(Beginning of Given data)
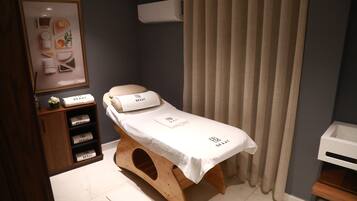 A small, private room with a wooden bench, a white table with a towel, and a shelf with branded towels.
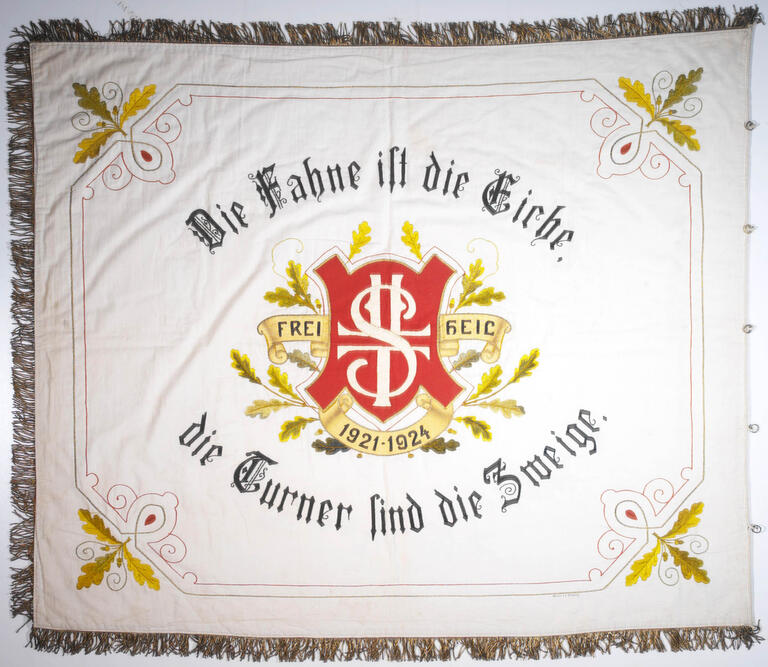 Fahne der Freien Turn- u. Sportvereinigung Rheda i. Westf, 1921, mit der Aufschrift: „Die Fahne ist die Eiche, die Turner sind die Zweige, Frei Heil, 1921-1924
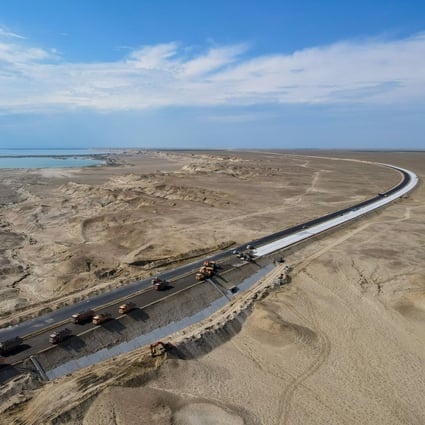 An aerial view of a construction site for a cross-desert expressway in Xinjiang, China, on July 16. China has launched its first batch of Reits, focused on the infrastructure sector. Photo: Xinhua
(End of Given data)
Exercise: Output only these lines, word for word: the line containing "Fahne der Freien" and every line after it through the last line of the data. Omit the pictures.

Written solution:
 Fahne der Freien Turn- u. Sportvereinigung Rheda i. Westf, 1921, mit der Aufschrift: „Die Fahne ist die Eiche, die Turner sind die Zweige, Frei Heil, 1921-1924
 An aerial view of a construction site for a cross-desert expressway in Xinjiang, China, on July 16. China has launched its first batch of Reits, focused on the infrastructure sector. Photo: Xinhua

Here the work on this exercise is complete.